Everyone loves a "sleeper", but what does that really mean? Is it drafting Elvis Grbac as the 11th quarterback taken thinking he will be top 5? Is it taking a receiver with one of those final picks that ends up as a top ten in your league? Is it taking a player that starts for your team by midseason when no one else ever heard of him in August?
You can find someone to say "yes" to all of those. Let's take this as a different tact. Let's take a longer look at 20 players that you can get from mid-draft to actual waiver wire that have "upside" to them. They may only produce the value commensurate with where you draft them, but by the same token they could provide you with your sleeper, undervalued player or what ever term you like to use that makes you look like a genius by December.
Now you don't, and likely won't, agree with these all but you are not supposed to nod your head and draft. These are 20 players to give that extra "hmmm" to come draft time and a longer look just might improve their standing in your eyes and maybe, just maybe, eventually on your team.
1. Aaron Brooks (NO) - This was an easy one, but one that I have been touting since the spring. Brooks not only looked poised and productive in his play last season, he has remained in New Orleans during the offseason studying and working out. The Saints have already proven that they are vastly improved from recent years and Brooks could well become the piece that brings it all together in a very nice season. I've gotten Brooks as cheaply as the sixth round before, but by now he has risen to about fourth round status in most leagues. By next year, expect no less than second round.
2. Doug Flutie (SD) - Yes, the little magic man. Flutie was shipped off from Buffalo to allow Rob Johnson a faster route to injury. The Chargers went 1-15 last season.
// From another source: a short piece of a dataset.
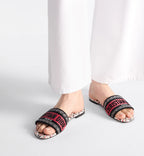 Dway Slide Valley Motif – the red upper is embroidered with the black Christian Paris signature for – LUX VERSE Luxury Designer Fashion Outlet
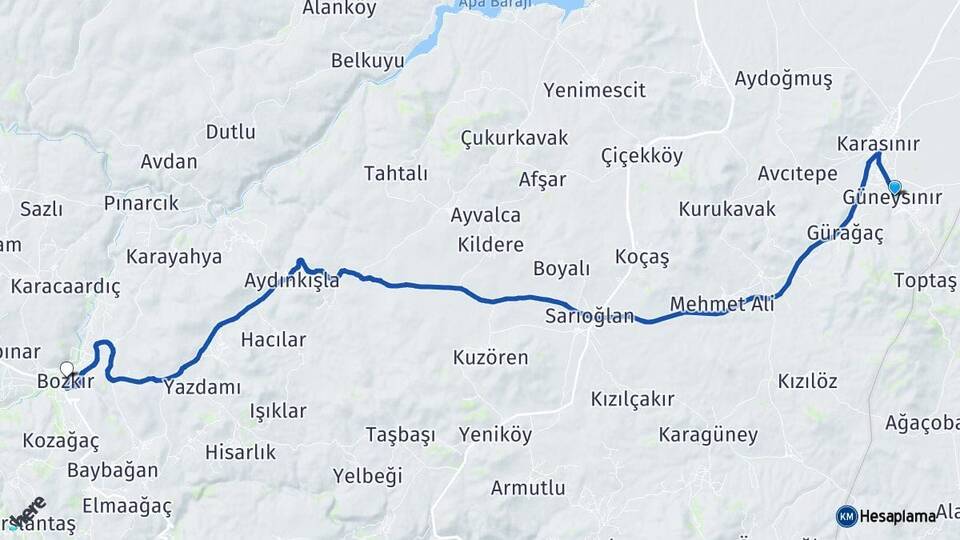 Konya Güneysınır Bozkır Arası Kaç Km - Yol Haritası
For the want of 3 points in many games, they could have been around .500. With Tomlinson to run and a healthy Graham and Conway, the Chargers will take their easy schedule to the bank far better than last year. The addition of Tim Dwight as the speedster #3 receiver makes this squad far better than people are giving it credit for being.
3. Matt Hasselbeck (SEA) - Grabbed from the Packers by Mike Holmgren, Hasselbeck has looked solid so far. A good running game, Darrell Jackson and Koren Robinson will let Hasselbeck be the quarterback that Kitna could not. He is currently going as a backup in most leagues and could very well end up your starter.
4. Chris Weinke (CAR) - You can get this guy very cheaply and yet he was just named as the starter for the Panthers for the final preseason game. Lewis has just not played as well as Weinke and if Carolina settles on a quarterback he will enjoy tutelage by Seifert and company while throwing to Muhsin Muhammad, Donald Hayes and eventually Patrick Jeffers. Also some tight end named Wesley Walls. Weinke is not a lock, but is the best poised for a good season if he starts.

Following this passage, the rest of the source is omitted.